What's weird about many of these cases were that people sincerely believed, incredibly recently, that some among them possessed incredible powers but used them for the most petty gains. One nuisance witch was said to turn into a hare in order to sneak into a field and eat the vegetables, another was said to fly from town to town and teleport into beer cellars for a drink. These would be world-changing, reality-altering powers which people seemed to think, quite genuinely, were being used for utterly minor personal gains.
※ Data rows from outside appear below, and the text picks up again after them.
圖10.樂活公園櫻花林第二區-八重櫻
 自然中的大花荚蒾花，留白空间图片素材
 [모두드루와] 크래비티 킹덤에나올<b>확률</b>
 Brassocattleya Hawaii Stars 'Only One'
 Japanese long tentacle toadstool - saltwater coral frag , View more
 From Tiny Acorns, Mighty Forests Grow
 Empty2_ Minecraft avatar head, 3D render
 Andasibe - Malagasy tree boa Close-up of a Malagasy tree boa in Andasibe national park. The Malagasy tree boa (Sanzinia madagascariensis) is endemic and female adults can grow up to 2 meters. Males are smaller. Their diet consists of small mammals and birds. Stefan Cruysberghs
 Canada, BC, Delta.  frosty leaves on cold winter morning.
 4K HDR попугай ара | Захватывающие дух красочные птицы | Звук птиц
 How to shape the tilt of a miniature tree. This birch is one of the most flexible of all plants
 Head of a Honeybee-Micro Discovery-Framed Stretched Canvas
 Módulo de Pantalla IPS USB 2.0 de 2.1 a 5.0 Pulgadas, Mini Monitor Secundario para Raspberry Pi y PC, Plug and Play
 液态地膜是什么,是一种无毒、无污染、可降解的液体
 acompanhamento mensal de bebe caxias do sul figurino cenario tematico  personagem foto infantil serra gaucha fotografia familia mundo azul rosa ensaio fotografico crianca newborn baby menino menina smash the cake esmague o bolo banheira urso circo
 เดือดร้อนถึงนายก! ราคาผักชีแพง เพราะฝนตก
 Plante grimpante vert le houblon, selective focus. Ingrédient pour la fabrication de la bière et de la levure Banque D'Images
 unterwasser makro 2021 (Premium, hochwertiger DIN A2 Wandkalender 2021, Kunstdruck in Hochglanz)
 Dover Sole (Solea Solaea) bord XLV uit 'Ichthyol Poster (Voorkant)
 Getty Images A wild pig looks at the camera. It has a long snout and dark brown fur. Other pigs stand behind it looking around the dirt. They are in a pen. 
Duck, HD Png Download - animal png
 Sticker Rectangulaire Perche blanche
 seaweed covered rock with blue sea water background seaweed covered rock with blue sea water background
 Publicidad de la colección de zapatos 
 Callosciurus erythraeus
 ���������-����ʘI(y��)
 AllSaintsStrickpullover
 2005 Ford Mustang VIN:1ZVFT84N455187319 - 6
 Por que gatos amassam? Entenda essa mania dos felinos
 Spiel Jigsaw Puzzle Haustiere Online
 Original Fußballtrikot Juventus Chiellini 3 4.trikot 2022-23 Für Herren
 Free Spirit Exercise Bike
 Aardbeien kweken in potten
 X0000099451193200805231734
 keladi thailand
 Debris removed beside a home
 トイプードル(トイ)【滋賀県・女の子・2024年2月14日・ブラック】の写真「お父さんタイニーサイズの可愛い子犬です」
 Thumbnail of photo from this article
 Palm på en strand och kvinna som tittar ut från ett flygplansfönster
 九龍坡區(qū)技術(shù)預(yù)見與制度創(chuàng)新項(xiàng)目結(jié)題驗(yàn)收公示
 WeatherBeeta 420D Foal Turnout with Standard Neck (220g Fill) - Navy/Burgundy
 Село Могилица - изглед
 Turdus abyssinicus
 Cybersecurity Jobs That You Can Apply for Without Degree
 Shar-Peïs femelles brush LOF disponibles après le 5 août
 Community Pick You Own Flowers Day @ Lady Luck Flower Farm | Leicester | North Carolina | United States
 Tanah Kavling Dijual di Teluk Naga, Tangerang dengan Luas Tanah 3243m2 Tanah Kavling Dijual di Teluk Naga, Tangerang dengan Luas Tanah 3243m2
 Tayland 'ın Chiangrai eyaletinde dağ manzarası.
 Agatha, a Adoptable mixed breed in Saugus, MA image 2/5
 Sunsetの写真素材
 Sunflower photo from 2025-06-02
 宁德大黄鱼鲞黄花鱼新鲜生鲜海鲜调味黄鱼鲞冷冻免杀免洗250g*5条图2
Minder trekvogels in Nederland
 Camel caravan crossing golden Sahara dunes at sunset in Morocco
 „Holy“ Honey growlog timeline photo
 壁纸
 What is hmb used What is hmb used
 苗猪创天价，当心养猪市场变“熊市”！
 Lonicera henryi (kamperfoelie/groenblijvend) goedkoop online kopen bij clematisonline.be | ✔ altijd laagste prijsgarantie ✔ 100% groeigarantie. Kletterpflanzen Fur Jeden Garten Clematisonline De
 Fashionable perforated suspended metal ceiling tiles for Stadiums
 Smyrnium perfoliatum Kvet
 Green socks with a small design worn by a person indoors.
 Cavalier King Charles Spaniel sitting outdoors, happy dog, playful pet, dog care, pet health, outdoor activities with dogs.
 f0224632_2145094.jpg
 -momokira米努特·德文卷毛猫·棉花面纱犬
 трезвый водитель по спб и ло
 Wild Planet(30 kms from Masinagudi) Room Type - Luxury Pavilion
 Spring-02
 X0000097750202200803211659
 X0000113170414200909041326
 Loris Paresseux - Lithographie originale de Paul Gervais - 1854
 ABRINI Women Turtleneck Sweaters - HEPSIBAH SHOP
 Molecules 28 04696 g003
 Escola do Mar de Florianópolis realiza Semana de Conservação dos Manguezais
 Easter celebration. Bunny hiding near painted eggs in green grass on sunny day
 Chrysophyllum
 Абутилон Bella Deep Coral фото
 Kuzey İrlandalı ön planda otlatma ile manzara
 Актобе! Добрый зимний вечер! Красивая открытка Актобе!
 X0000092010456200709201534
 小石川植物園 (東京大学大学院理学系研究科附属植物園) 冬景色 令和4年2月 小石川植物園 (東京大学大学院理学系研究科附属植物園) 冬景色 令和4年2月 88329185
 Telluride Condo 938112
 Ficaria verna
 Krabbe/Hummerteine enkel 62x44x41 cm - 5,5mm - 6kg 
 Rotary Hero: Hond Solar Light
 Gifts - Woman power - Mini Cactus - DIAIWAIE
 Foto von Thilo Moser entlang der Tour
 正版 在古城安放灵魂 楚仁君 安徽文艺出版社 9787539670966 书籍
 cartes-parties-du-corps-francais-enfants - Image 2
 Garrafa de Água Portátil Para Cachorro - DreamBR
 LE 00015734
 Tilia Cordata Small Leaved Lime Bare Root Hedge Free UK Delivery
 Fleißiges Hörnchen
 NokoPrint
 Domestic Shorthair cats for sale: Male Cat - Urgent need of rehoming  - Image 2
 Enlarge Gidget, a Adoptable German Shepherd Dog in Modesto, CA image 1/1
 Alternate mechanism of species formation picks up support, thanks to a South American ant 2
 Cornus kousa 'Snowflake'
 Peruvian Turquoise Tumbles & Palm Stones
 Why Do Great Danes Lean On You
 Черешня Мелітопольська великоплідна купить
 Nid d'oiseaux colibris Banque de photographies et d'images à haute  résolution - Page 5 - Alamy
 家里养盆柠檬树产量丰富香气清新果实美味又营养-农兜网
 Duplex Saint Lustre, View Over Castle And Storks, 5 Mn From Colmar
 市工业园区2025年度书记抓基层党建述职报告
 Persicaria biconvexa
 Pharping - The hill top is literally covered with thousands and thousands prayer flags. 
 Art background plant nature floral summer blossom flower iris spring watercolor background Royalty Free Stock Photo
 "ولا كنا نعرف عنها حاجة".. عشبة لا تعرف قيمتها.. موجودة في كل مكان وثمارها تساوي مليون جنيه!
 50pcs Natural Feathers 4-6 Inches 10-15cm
And when I say recently, I mean extremely recently, exactly as in Anne Ross. While a handful of the tales here are medieval, the majority are 19th century, with plenty even in the early 20th century. Even the more exotic claims could be found in the Victorian era, including stories of rescuing a girl from the fairies and the ritual killing of animals in magical rites. Strictly speaking the latter wouldn't be classed as a sacrifice as the animals – which could include, dramatically, horses – weren't being offered to a deity*, though functionally I suppose it would be basically the same. 

* As Keith Thomas also said, there's almost no evidence of witches engaging in devil worship, with only a single example in the whole book. There's even one story of a witch who was literally ripped apart by the Devil because she spoiled milk – which hardly suggests they were on good terms.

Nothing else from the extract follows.